Erosion continues to eat away at Talkeetna riverfront

Erosion along the riverbank of the Susitna River, near a popular lookout to see Foraker, Hunter and Denali mountains. (Photo by Jenny Starrs – KTNA)

At the end of Main Street in downtown Talkeetna, the Big Susitna River rushes by after merging with the Talkeetna River. It’s taking large swaths of riverbank along with it, threatening the existence of the Talkeetna River Trail and increasing the flood risk downtown.

“You can see all this power when these two rivers come together. It’s a lot of water,” said Pamela Ness during a tour of the area. She’s a code compliance officer for the Matanuska-Susitna Borough. “So it’s very cold, it’s very fast. There’s a ton of debris that has been eroded away, just sitting, catching everything.

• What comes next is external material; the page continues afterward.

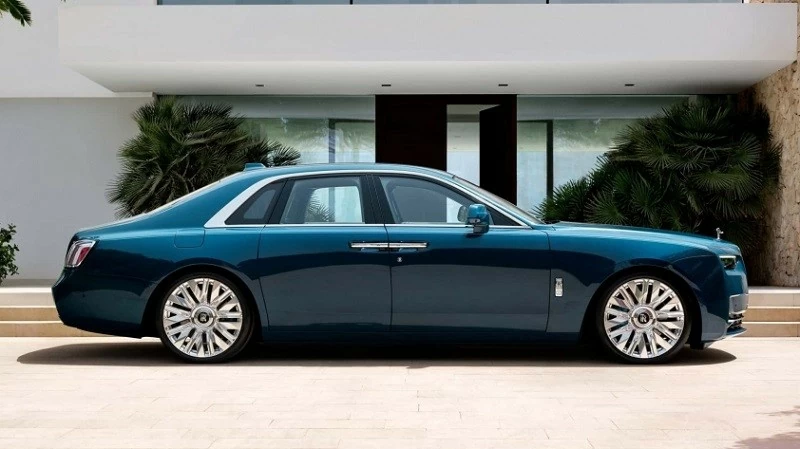 Cận cảnh Rolls-Royce Ghost Series II 2025 vừa ra mắt, giá dự kiến hơn 8,7 tỷ đồng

It’s a dangerous situation.”

Ness has monitored the river and the floodplain in Talkeetna for nearly a decade. Since 2017, she has seen the river move in more than 100 feet in the area at the end of town, just south of the rock dike at the confluence of the Talkeetna and Susitna Rivers. She says the process has sped up this summer due to large amounts of water coming down the Susitna and wiping out buffers like islands and trees that protect the riverbank. Without those buffers, strong back eddies are scouring off the silty bank and bringing it closer to the revetment at the end of town.

“The Susitna is hitting the Talkeetna head on,” Ness said, “and it’s so much force of the water, it’s actually pushing the Talkeetna back against this bank, and that’s what’s causing the erosion.”

Pamela Ness, code compliance officer for the Matanuska-Susitna Borough, consults aerial imagery to assess the river’s changes since 2011. (Photo by Jenny Starrs – KTNA)

The U.S. Army Corps. of Engineers built the 1,150-foot dike and the 1,650-foot revetment along the shoreline in the 1970s, and then the Borough took over its operation and maintenance. All the underlying land is owned by the Alaska Railroad, which has traditionally given a public use permit to the Borough to access and perform upkeep on the flood prevention structures.

In addition to the Borough, the railroad has three other active permits along that stretch of riverbank: one to Illume for green space for its commercial cabins, and then one to Talkeetna River Guides and one to Mahay’s Jet Boat Adventures to access the water.

“Obviously it’s eroding and it’s going to take all of that away, and it’s going to go to that back-up dike, is what’s going to happen,” said Israel Mahay, owner of Mahay’s Jet Boat Adventures. “You can see it going away. You got a whole river pointed right at the end of town. I’ve been watching this for years. I said this 10 years ago, I saw it happening.”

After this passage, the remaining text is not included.